No one show can reflect the entire Asian American experience. This show is based on the best-selling memoir of celebrity chef Eddie Huang, who moved to Orlando with his immigrant parents in the 90’s.  All of us have different experiences, but it’s a show about fitting in, finding your way and most of us can relate to that.

There are moments where I totally relate and then some that I don’t. The 90’s references are fun too. Who doesn’t remember Melrose Place or the sound dial up made as you waited to get on the internet, (well maybe my kids)?

Just because it’s a show featuring Asians as the principals doesn’t mean every Asian has to love it or relate to it. Does every white person relate to Malcolm in The Middle or the King of Queens?

More Diversity On TV

The fact that there’s so much pressure on this show means that Asian Americans have been thirsting for this and there has been a void for too long.

I hope ABC will give this show a chance, I hope America will give this show a chance, and while it’s important because it’s TV, we also need to remember it is JUST TV, it’s entertainment and let’s not put all the pressure of an entire community on its shoulders.
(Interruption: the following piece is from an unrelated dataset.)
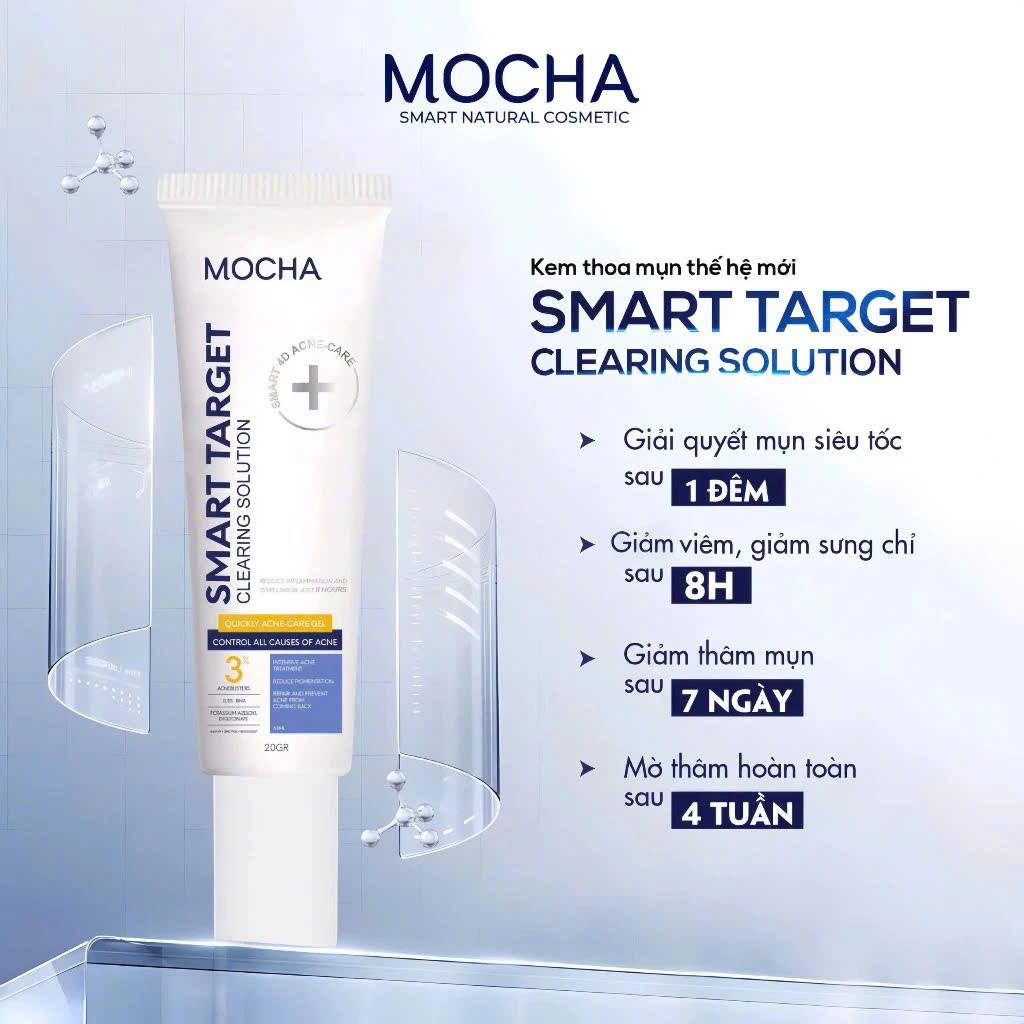 Mô tả Kem Dưỡng Giảm Mụn Sau 8H MOCHA Smart Target Clearing Solution, Giảm Sưng Viêm, Hạn Chế Thâm Sẹo - 1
Let it do what it is supposed to do, entertain, and share part of our multicultural story that has been lacking in TV and make room for even more diversity.
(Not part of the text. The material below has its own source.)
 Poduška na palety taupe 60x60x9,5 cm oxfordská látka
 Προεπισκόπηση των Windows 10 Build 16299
And diversity where it belongs. No more stereotypes for a cheap laugh. Don’t just cast the Benetton rainbow to be PC, but add characters with personality and depth. If they happen to be Asian allow their culture and experience to unfold as a part of their character, not as a stereotypical reference. We need to be seen as multi-dimensional personalities with race being just a part of the story.

Television and film has gotten a lot smarter, but there still a big void.
It’s only as smart as the people who create it.  We need to keep sharing and keep the dialogue going.  We need to step up. ( Influential Asian Bloggers To Follow.)

Not just among each other, but with the world around us. Things are changing, people are more open to diversity, but there is still a lot of ignorance.  Showing up matters, being reflected matters and I’m not just saying Asian voices, your voice matters.

My parents left everything behind to build a life in America, for the family, for me.   They were youthful and vibrant, my dad was President of his University and both had coveted government jobs. When they came to the US they started over. They waited tables.

They learned to fit in, to not rock the boat, do what was right and at times they lost their voice.

They lost their voice, so I could find mine. And I intend to use it.